Exercise requirements: In the records below, begin at the line containing "Set Seasonal Essentials" and end at the line containing "For Google Pixel"; quote every line in that span exactly, including both boundary lines, and no others.

Records provided:
--

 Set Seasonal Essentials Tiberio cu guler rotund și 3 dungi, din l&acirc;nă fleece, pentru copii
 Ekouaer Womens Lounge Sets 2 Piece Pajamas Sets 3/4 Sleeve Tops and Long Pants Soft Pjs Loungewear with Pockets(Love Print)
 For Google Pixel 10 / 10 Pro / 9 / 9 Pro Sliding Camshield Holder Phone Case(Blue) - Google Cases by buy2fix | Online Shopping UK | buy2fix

--

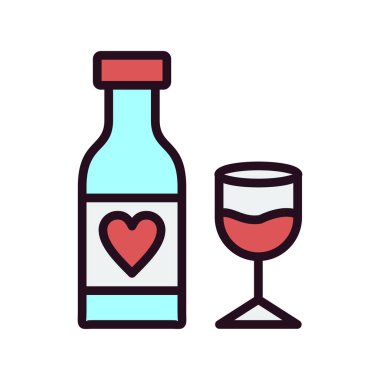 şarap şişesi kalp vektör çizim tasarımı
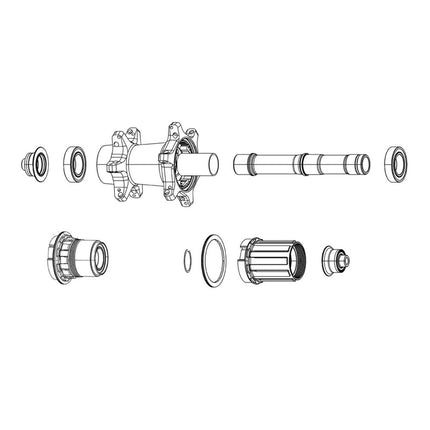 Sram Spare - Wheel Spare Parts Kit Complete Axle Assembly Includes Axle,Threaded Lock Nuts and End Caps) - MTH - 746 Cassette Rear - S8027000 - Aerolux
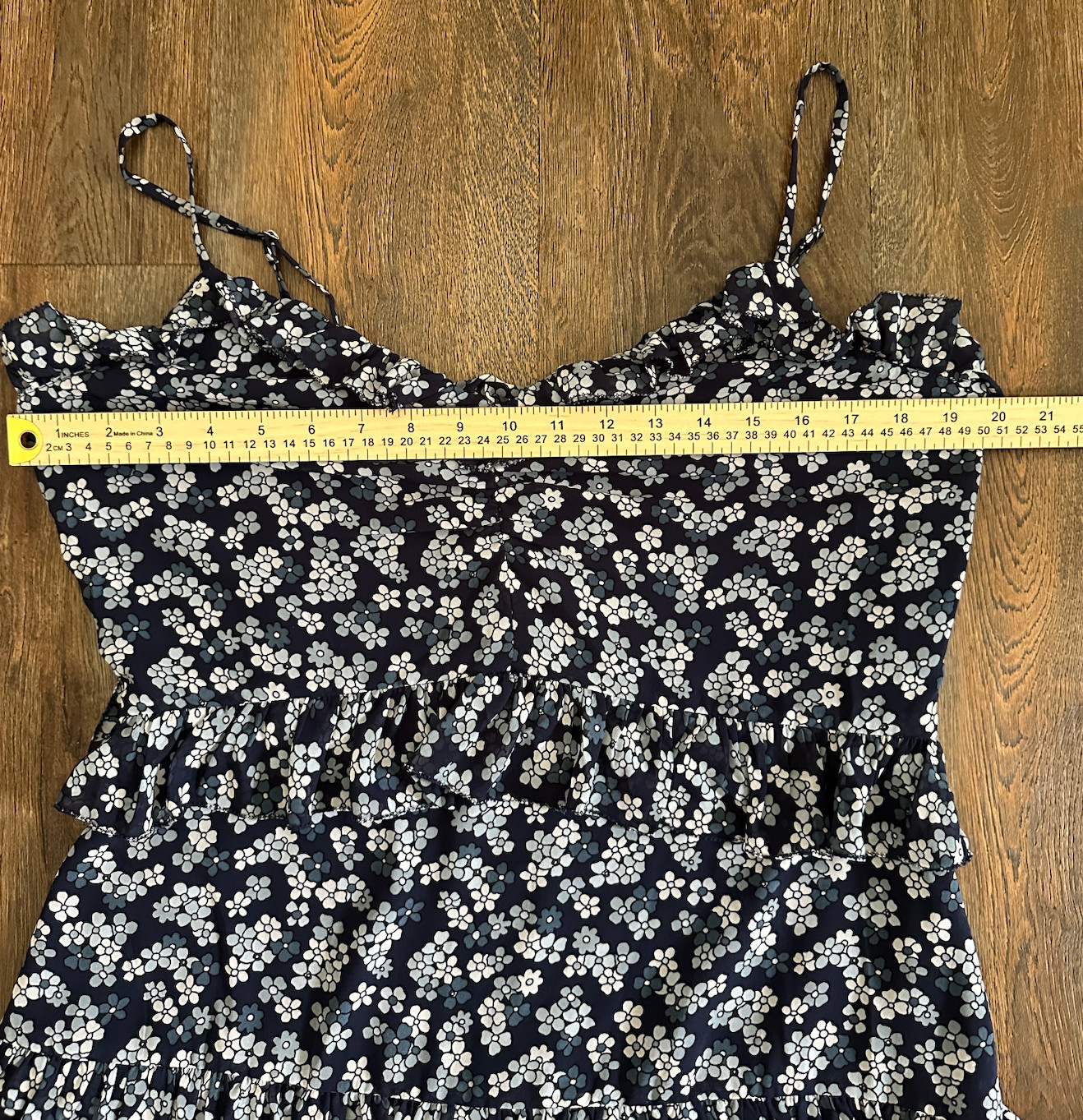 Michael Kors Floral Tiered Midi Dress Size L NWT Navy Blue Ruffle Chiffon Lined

--

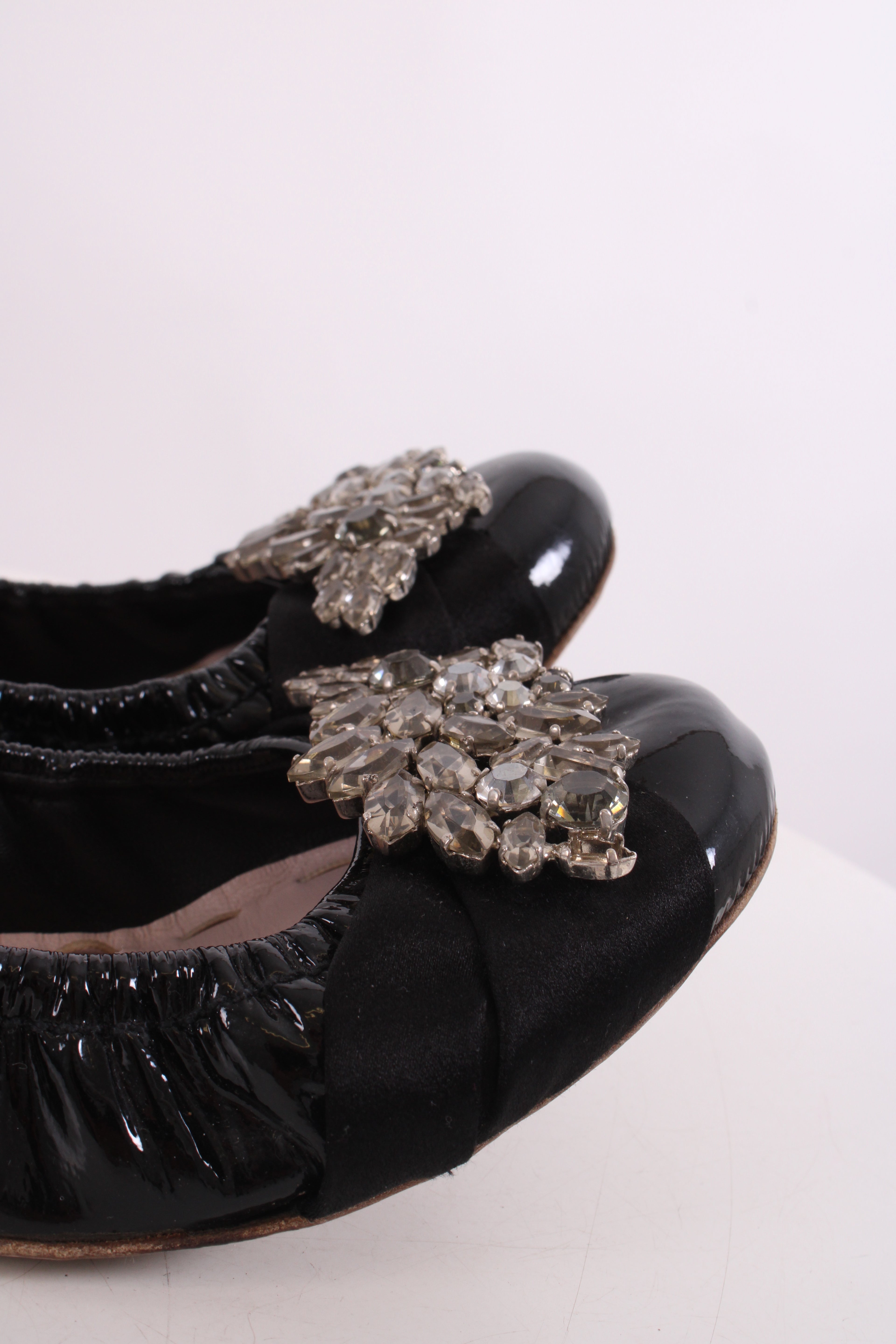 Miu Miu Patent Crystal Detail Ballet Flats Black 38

--

Result for this exercise:
 Set Seasonal Essentials Tiberio cu guler rotund și 3 dungi, din l&acirc;nă fleece, pentru copii
 Ekouaer Womens Lounge Sets 2 Piece Pajamas Sets 3/4 Sleeve Tops and Long Pants Soft Pjs Loungewear with Pockets(Love Print)
 For Google Pixel 10 / 10 Pro / 9 / 9 Pro Sliding Camshield Holder Phone Case(Blue) - Google Cases by buy2fix | Online Shopping UK | buy2fix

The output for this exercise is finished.